━━━ RECORDS FOR THE EXERCISE ━━━
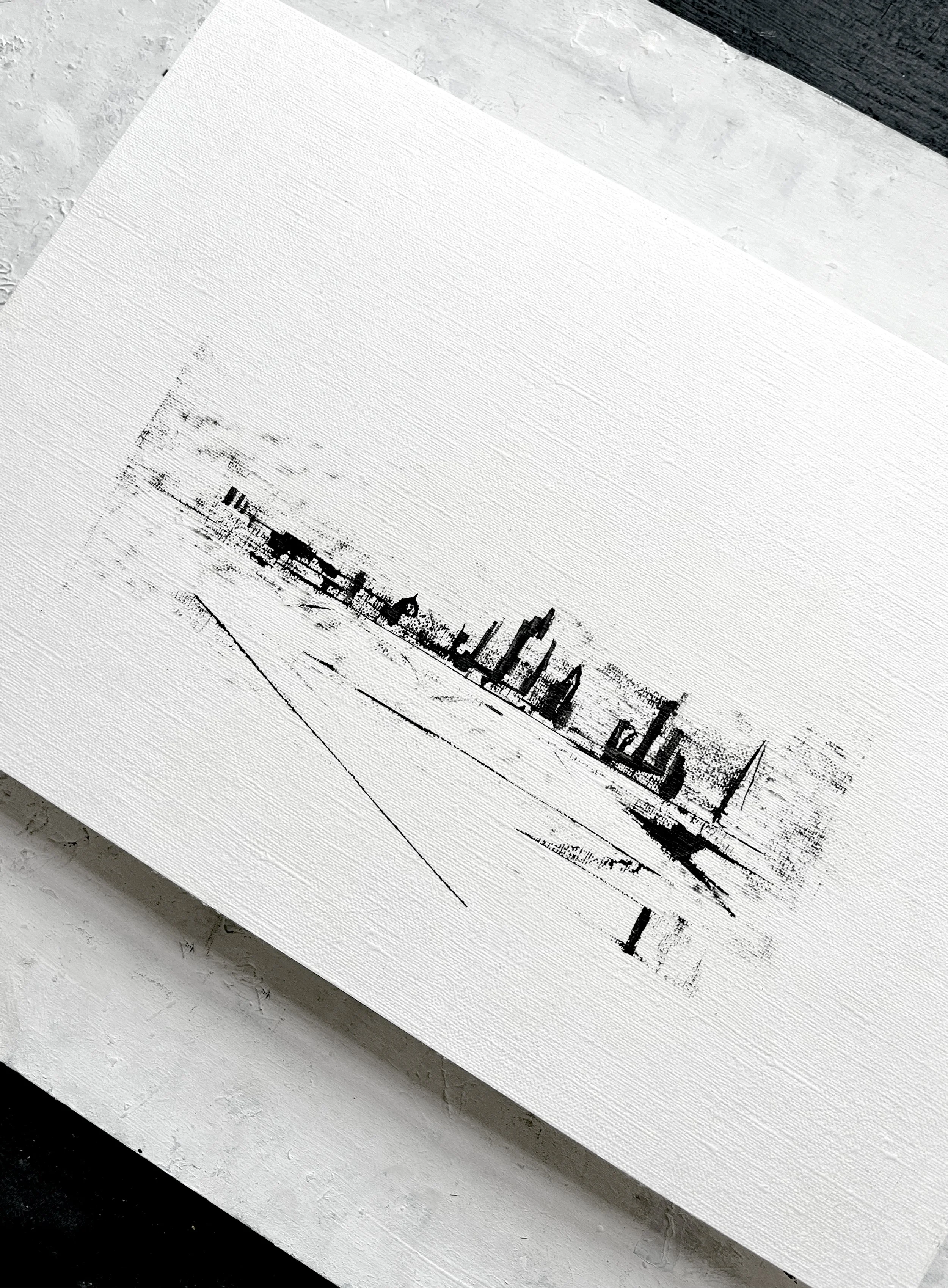London Skyline in ink |  30.5 x 20.5cm | Indian ink on oil paper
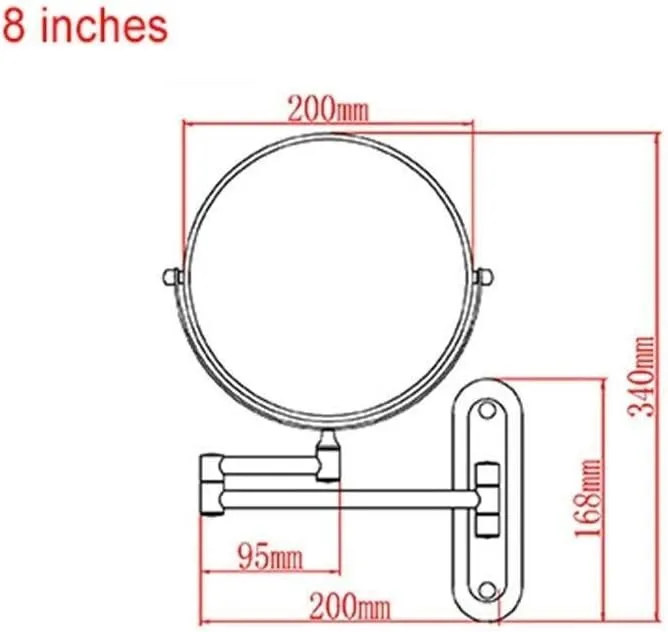 GaRcan Cosmetic Vanity Mirror 10x Magnification 8 Inch Makeup Mirror Metal Beauty Mirror Folding Telescopic Wall Mounted Vanity Mirror (Silver 8 inches 10X)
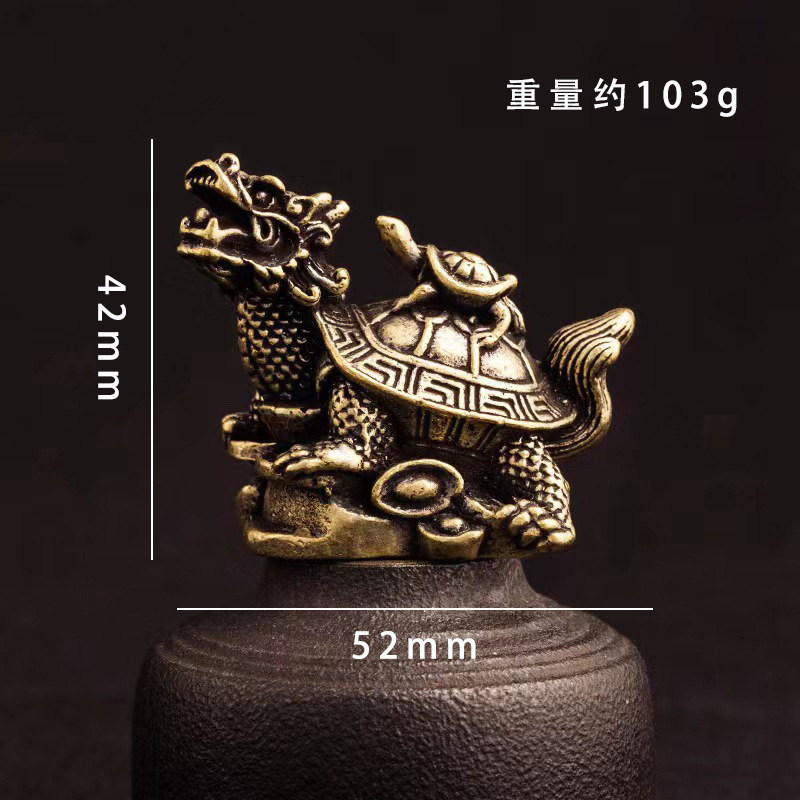 Brass material mother son turtle shaped ornament
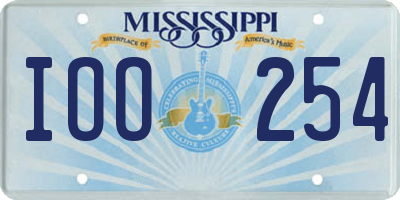 MS license plate IOO254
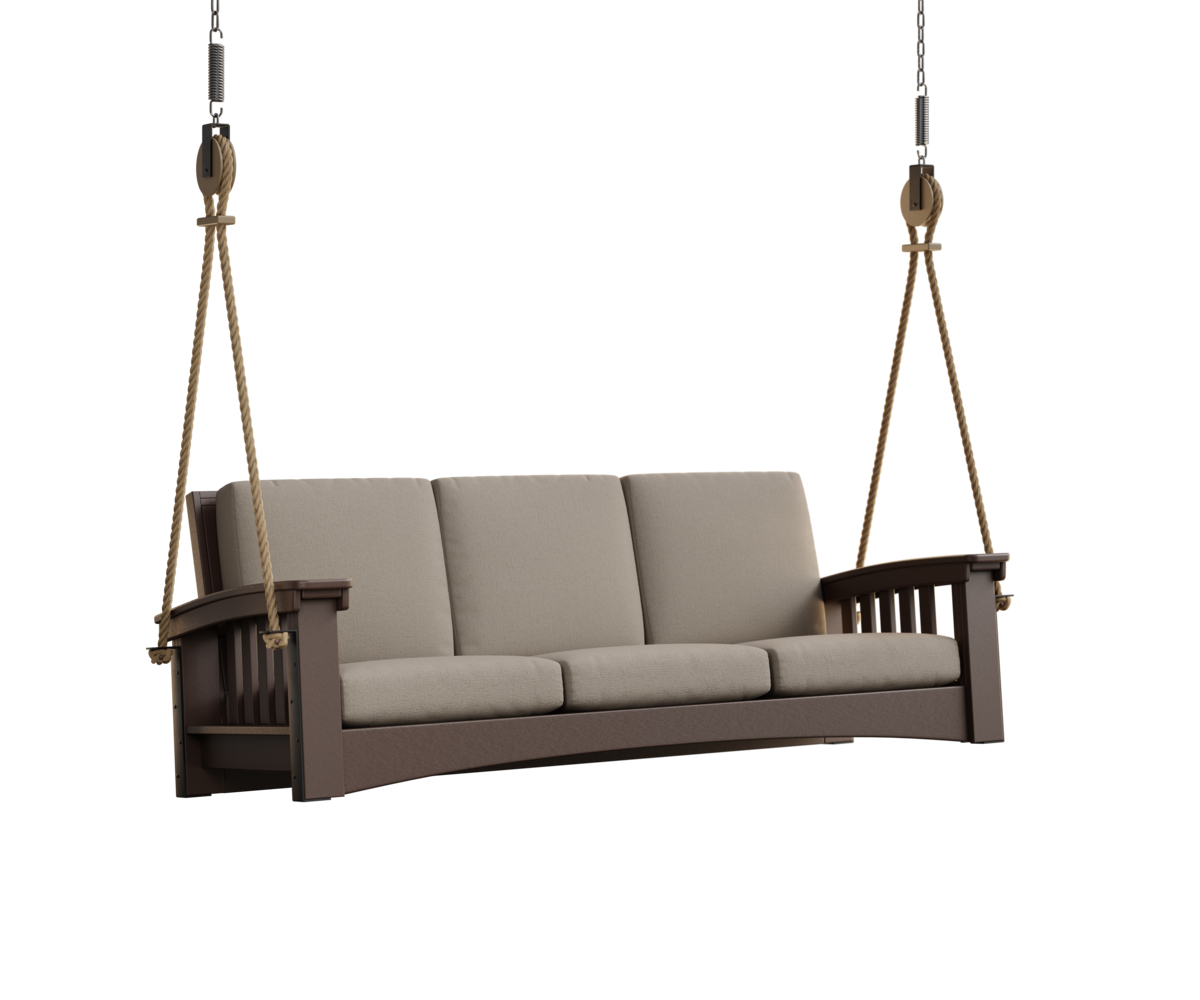 Day's End Poly Mission Sofa Rope Swing in Chocolate Brown with Cast Ash Cushions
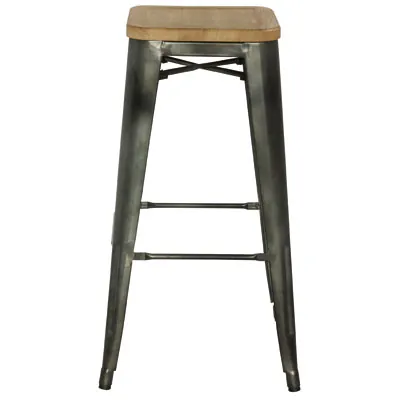 Tabouret métal haut assise bois - Tabourets-2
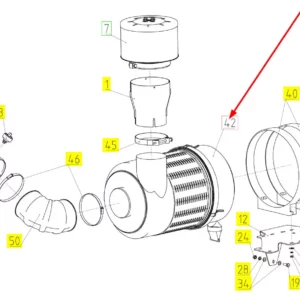 Oryginalny filtr powietrza wraz z obudową o numerze katalogowym 102806993, stosowany w kombajnach zbożowych marki Rostselmash schemat.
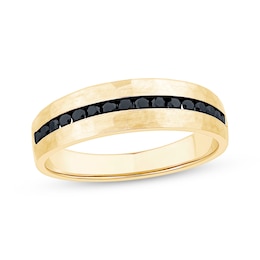 Now + Forever Men's Black Diamond Hammered Wedding Band 3/8 ct tw 10K Yellow Gold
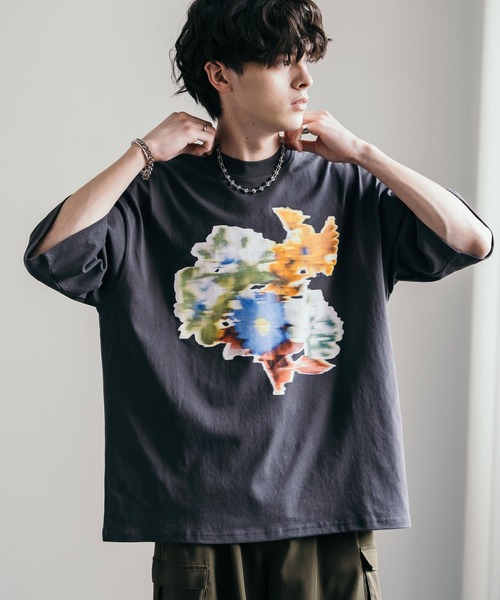 Roko フラワークラップハーフパンツ＆クレストブリッジスリーブカットソー 襟付きロールカラーボーダーフレンチスリーブニットプルオーバー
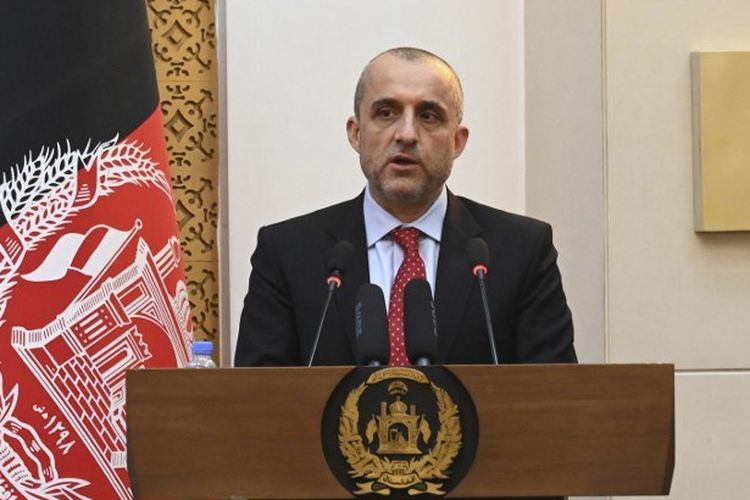 Wakil Presiden Afghanistan Amrullah Saleh berbicara selama acara di istana kepresidenan Afghanistan di Kabul pada 4 Agustus 2021.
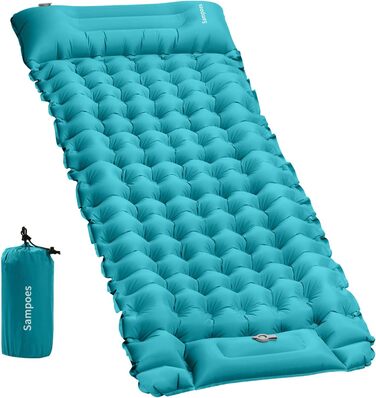 Надувний килимок для кемпінгу Isomatte 10 см, самонадувний, з насосом, для туризму та відпочинку на природі, односпальний, блакитний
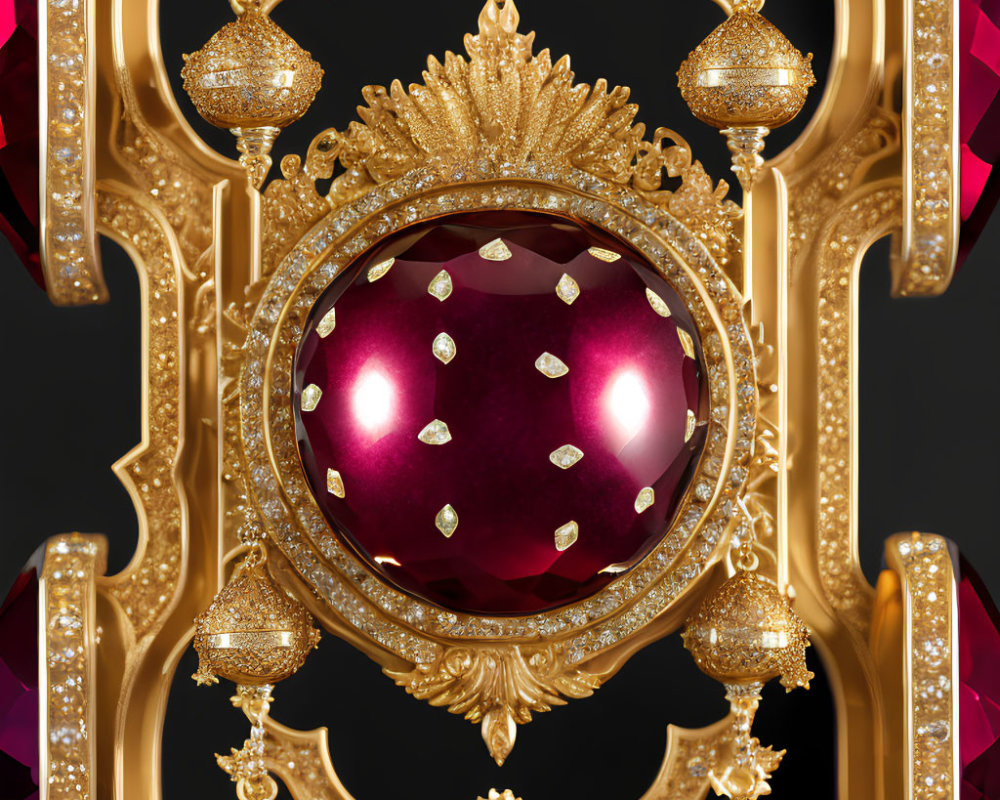 Intricate Golden Frame with Ruby and Gem Accents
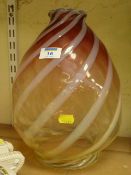 Victorian cranberry/vaseline glass lamp shade 29cm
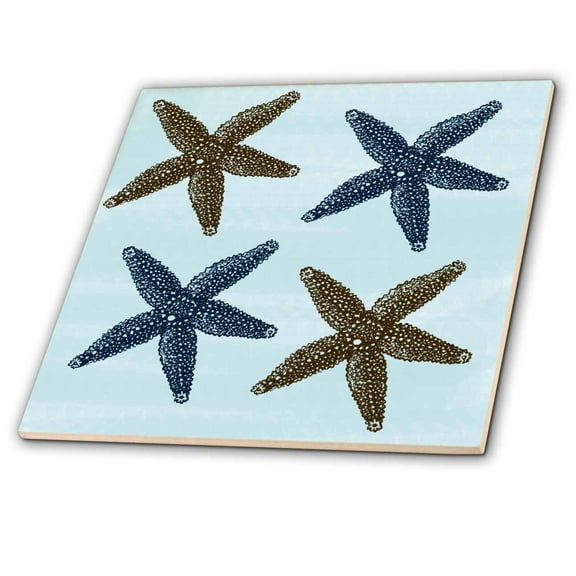 3dRose, Gold and Blue Starfish, 4 Inch Ceramic Tile
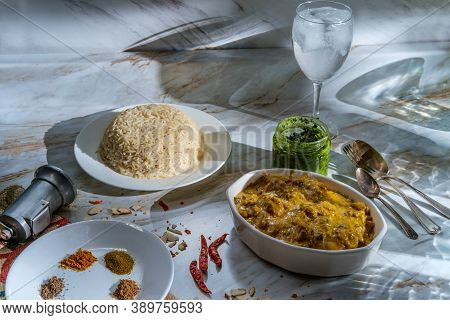 Authentic Indian Almond Chicken Korma Curry Dinner With Basmati Rice And Green Chutney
━━━
▶ **TASK GOAL**: Take the line containing "Tabouret métal haut" and every line after it up to the end of the entries, and quote them exactly. Both ends count; the pictures do not.

▶ **RESPONSE**:
 Tabouret métal haut assise bois - Tabourets-2
 Oryginalny filtr powietrza wraz z obudową o numerze katalogowym 102806993, stosowany w kombajnach zbożowych marki Rostselmash schemat.
 Now + Forever Men's Black Diamond Hammered Wedding Band 3/8 ct tw 10K Yellow Gold
 Roko フラワークラップハーフパンツ＆クレストブリッジスリーブカットソー 襟付きロールカラーボーダーフレンチスリーブニットプルオーバー
 Wakil Presiden Afghanistan Amrullah Saleh berbicara selama acara di istana kepresidenan Afghanistan di Kabul pada 4 Agustus 2021.
 Надувний килимок для кемпінгу Isomatte 10 см, самонадувний, з насосом, для туризму та відпочинку на природі, односпальний, блакитний
 Intricate Golden Frame with Ruby and Gem Accents
 Victorian cranberry/vaseline glass lamp shade 29cm
 3dRose, Gold and Blue Starfish, 4 Inch Ceramic Tile
 Authentic Indian Almond Chicken Korma Curry Dinner With Basmati Rice And Green Chutney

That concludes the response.